Dengan jalan ini, volume/berat titran dapat diukur dengan teliti dan bila
konsentrasi juga diketahui, maka jumlah mol titran dapat dihitung. Karena
jumlah titrat ekivalen dengan jumlah titran, maka jumlah mol titrat dapat
diketahui pula berdasar persamaan reaksi dan koefisiennya. Perhatikanlah sekali
lagi arti ungkapan ”pereaksi telah ekivalen”, yang berarti: telah tepat
banyaknya untuk menghabiskan zat yang direaksikan. Titran dan titrat tepat
saling menghabiskan; tidak ada kelebihan yang satu maupun yang lain. Ini tidak
selalu berarti, bahwa pereaksi dan zat yang direaksikan telah sama banyak, baik
volume maupun jumlah gram atau mol-nya.
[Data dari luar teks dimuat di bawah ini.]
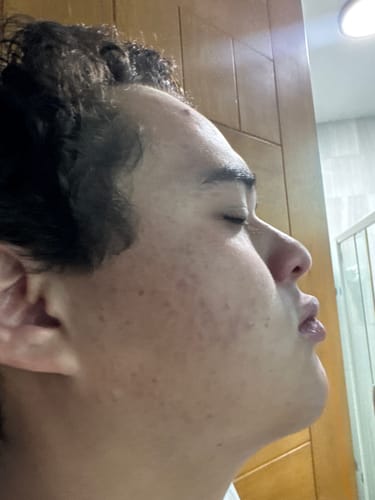 Customer photo review of Formula Personalizada Rx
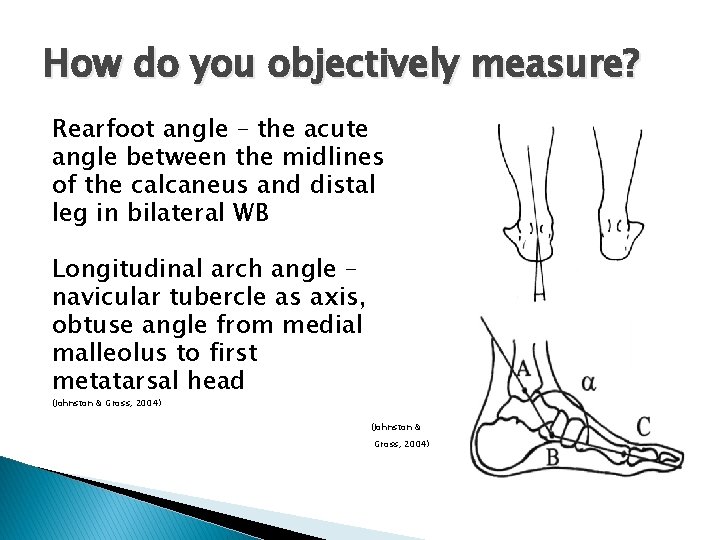 How do you objectively measure? Rearfoot angle – the acute angle between the midlines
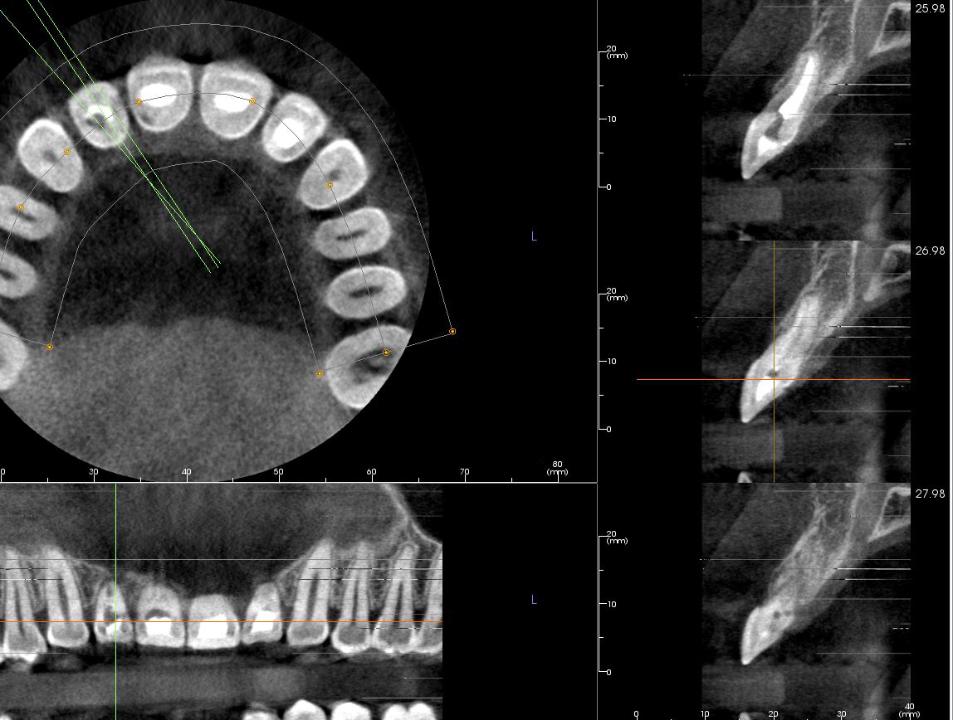 Fig. 5a: Patient 2, CBCT radiographs highlighting root resorption of teeth 11 and 12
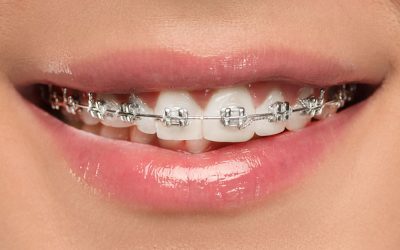 When Do I Need Braces?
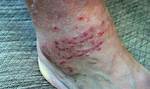 Why Do Chigger Bites Ooze?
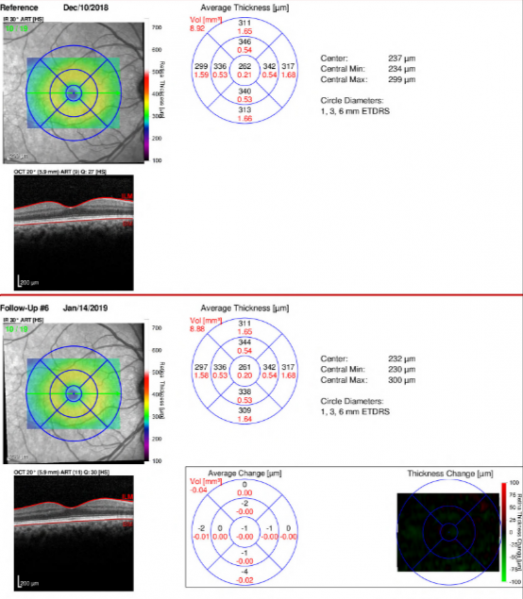 File:Spectralis 2 Thickness Map.PNG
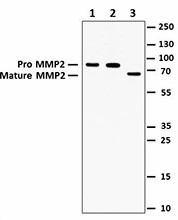 M6308B04_PURE_MMP2_Antibody_WB_092915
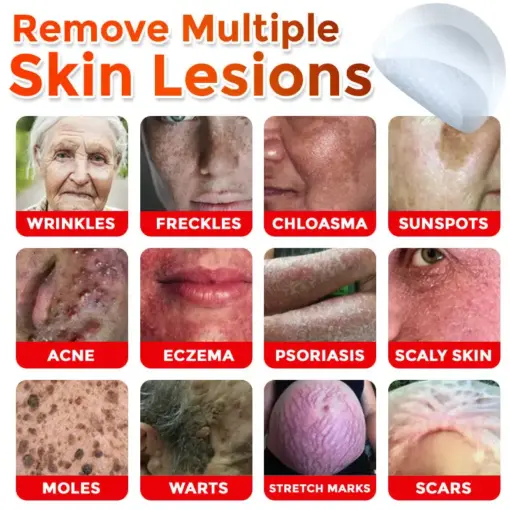 GFOUK® MicroNeedle Botanic Skin Tag Removal Patch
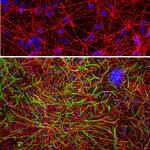 GAP43 Antibody in Immunocytochemistry (ICC/IF)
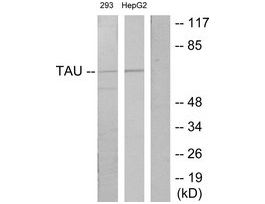 Anti-TAU antibody produced in rabbit~1 mg/mL, affinity isolated antibody, buffered aqueous solution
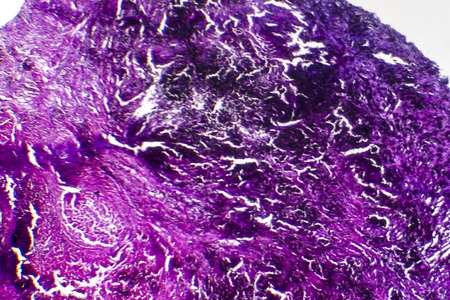 Histopathology of silicosis, the most prevalent chronic occupational disease. Light micrograph, photo under microscopeの写真素材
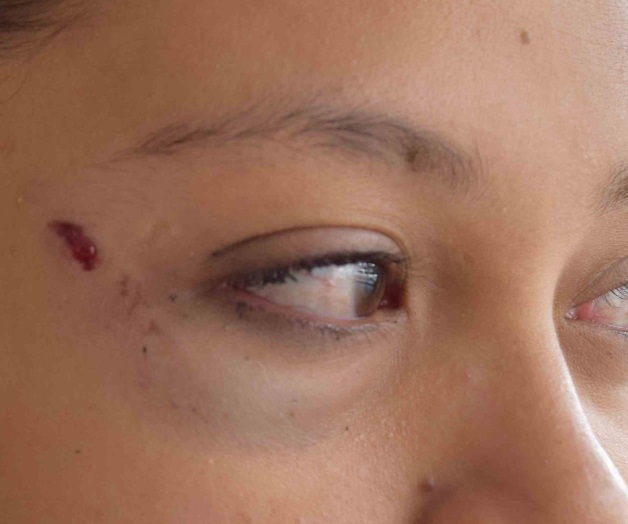 Denuncia ama de casa brutal ataque de esposo Denuncia ama de casa brutal ataque de esposo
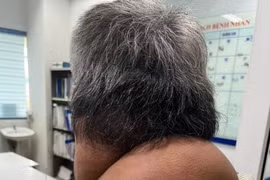 Mắc bệnh "người gấu" vì... nghiện rượu lâu năm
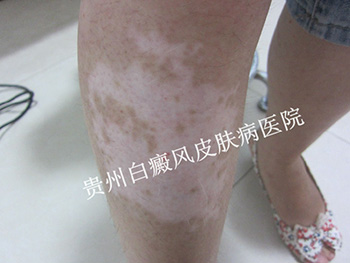 什么原因导致腿部白癜风扩散?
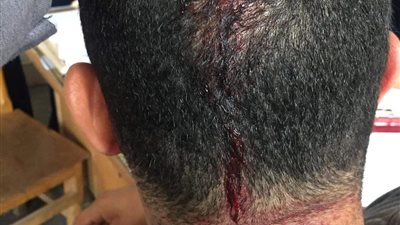 7 جنيهات زيادة.. سائق يتعدى على راكب بسبب الأجرة 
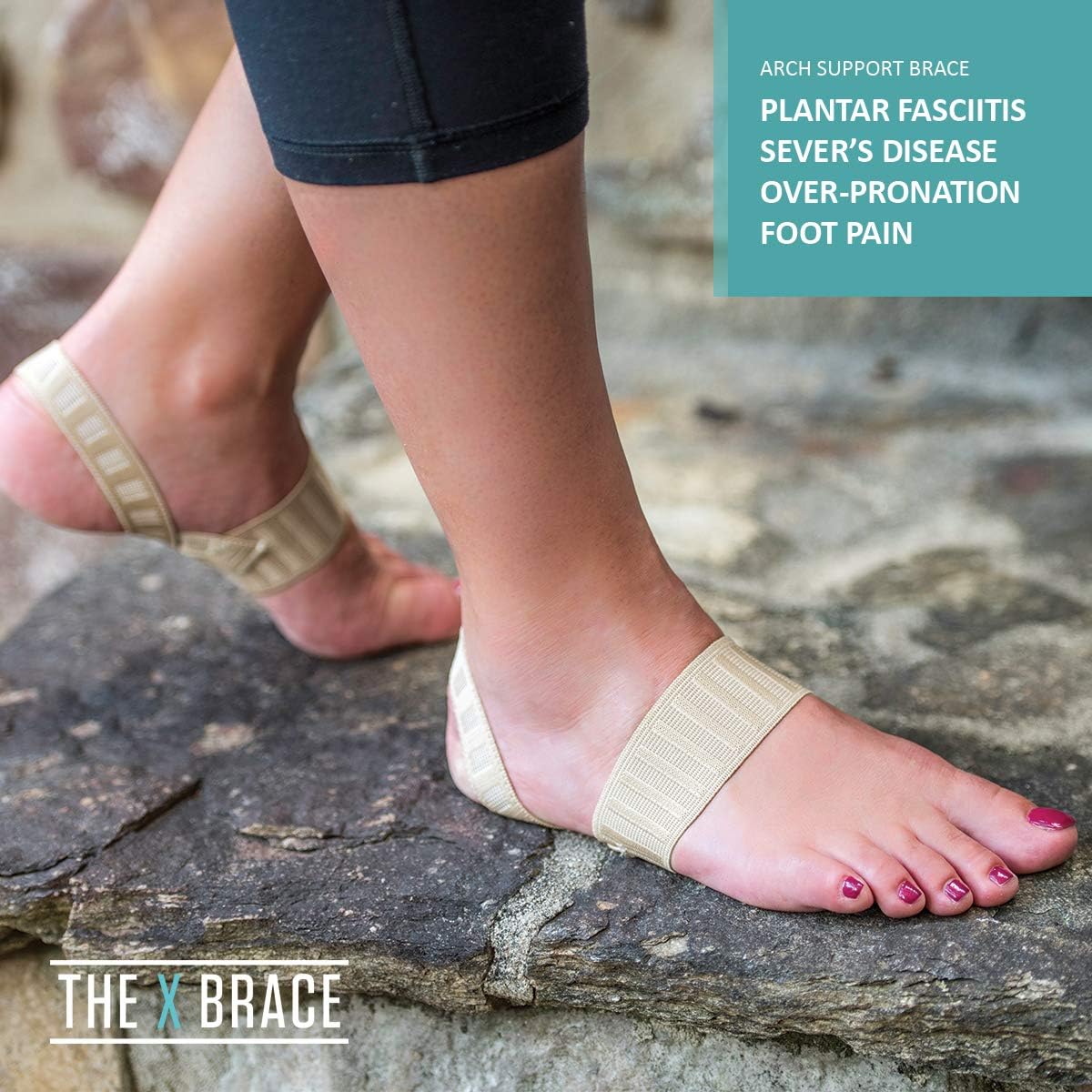 The Original X Brace - Arch Support Brace and Compression for Plantar Fasciitis, Flat Feet, Fallen Arches, Over-Pronation and Heel Pain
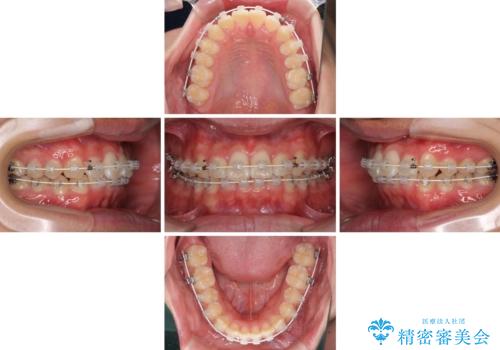 深い咬み合わせとデコボコ ワイヤー矯正で短期治療の治療中
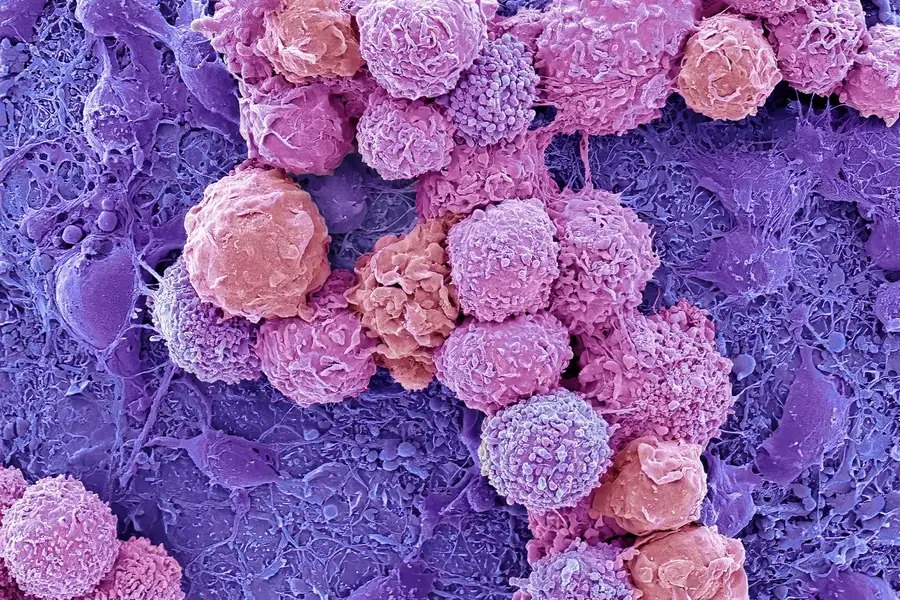 Human brain cells used as living AIs to solve mathematical equations ...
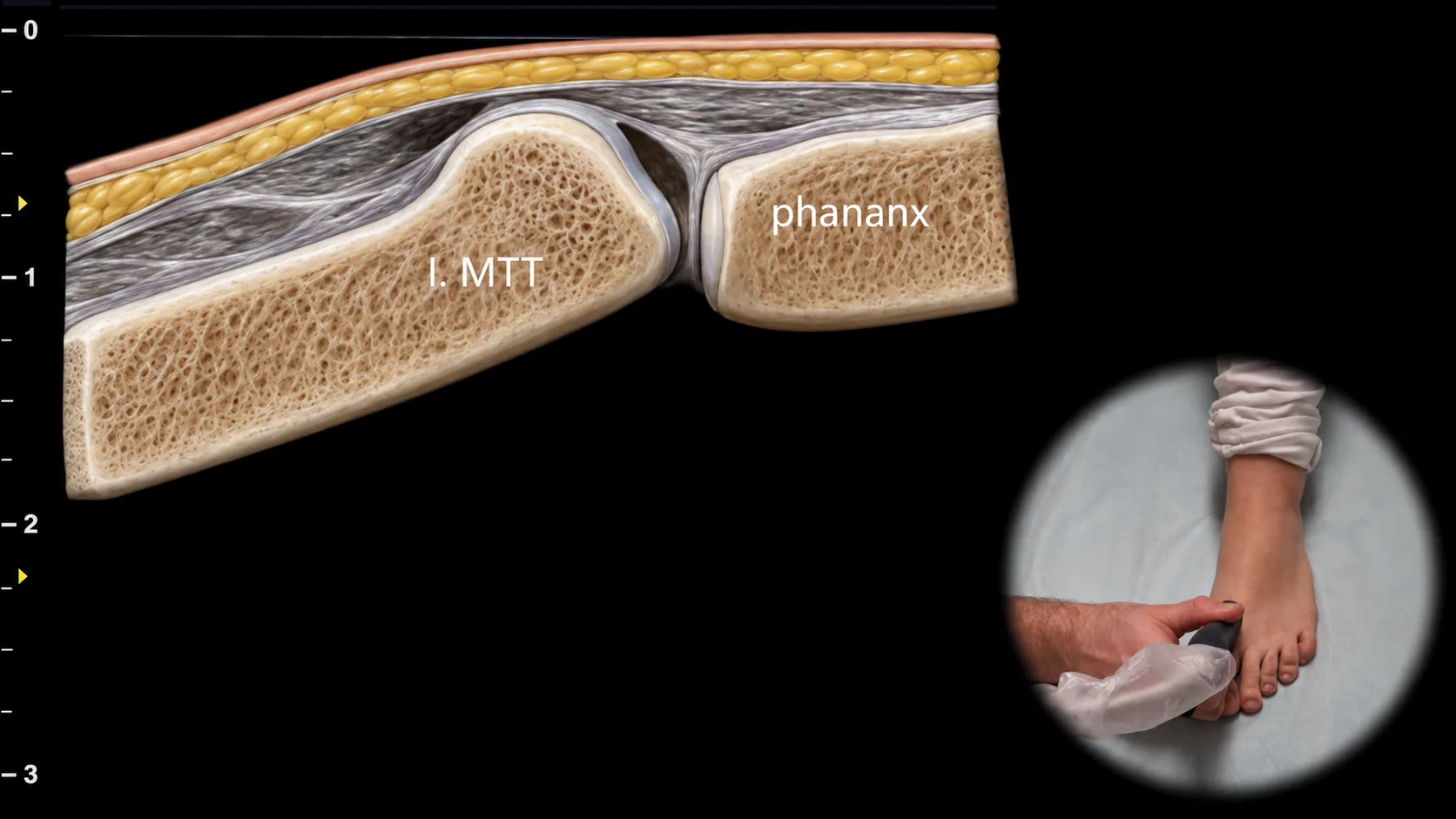 Figure 11 overlay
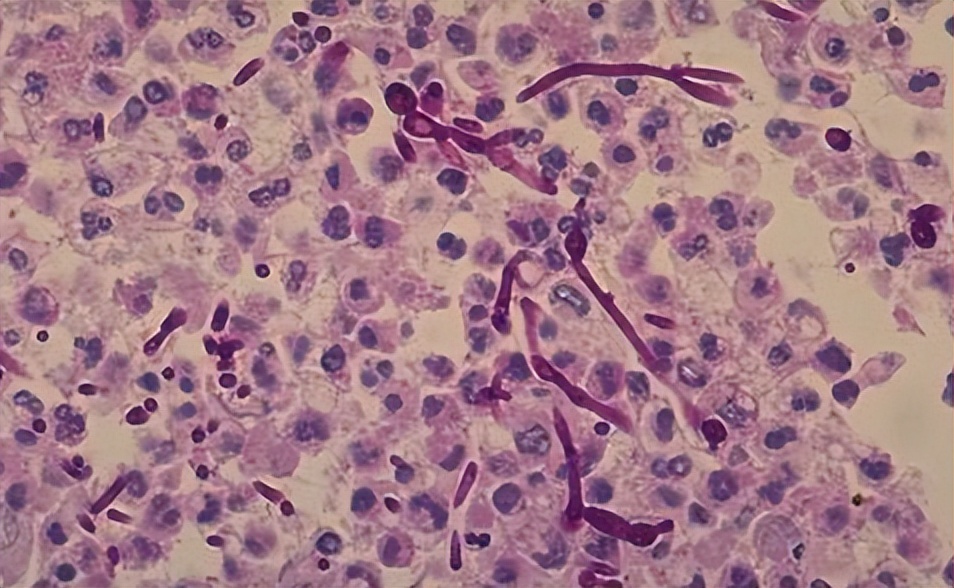 常吃酵母蒸的馒头，会危害健康吗？为了家人的健康，不妨了解一下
Hal ini jelas, sebab jumlah yang
bereaksi ditentukan oleh persamaan reaksi. (Harjadi. 1987)
Salah
satu macam titrasi adalah titrasi asidimetri-alkalimetri, yaitu titrasi yang
menyangkut asam dan/atau basa. Bila kita mengukur berapa mL larutan bertitar
tertentu yang diperlukan untuk menetralkan larutan basa yang kadar atau
titernya belum diketahui, maka pekerjaan itu disebut asidimetri. Peniteran
sebaliknya, asam dengan basa yang titernya diketahui disebut alkalimetri. Dalam
titrasi ini perubahan terpenting yang mendasari penentuan titik akhir dan cara
perhitungan ialah perubahan pH titrat.
Reaksi-reaksi
yang terjadi dalam titrasi ini ialah :
-
asam
dengan basa (reaksi penetralan); agar kuantitatif, maka asam dan/atau basa yang
bersangkutan harus kuat.
-
asam
dengan garam (reaksi pembentukan asam lemah); agar kuantitatif, asam harus kuat
dan garam itu harus terbentuk dari asam lemah sekali.
-
basa
dengan garam; agar kuantitatif, basa harus kuat dan garam harus terbentuk dari
basa lemah sekali; jadi berdasar pembentukan basa lemah tersebut. (Harjadi.
1987)
Berikut
syarat-syarat yang diperlukan agar titrasi yang dilakukan berhasil :
- Konsentrasi
titran harus diketahui. Larutan seperti ini disebut larutan standar.
- Reaksi
yang tepat antara titran dan senyawa yang dianalisis harus diketahui.
- Titik
stoikhiometri atau ekivalen harus diketahui. Indikator yang memberikan
perubahan warna, atau sangat dekat pada titik ekivalen yang sering
digunakan. Titik pada saat indikator berubah warna disebut titik akhir.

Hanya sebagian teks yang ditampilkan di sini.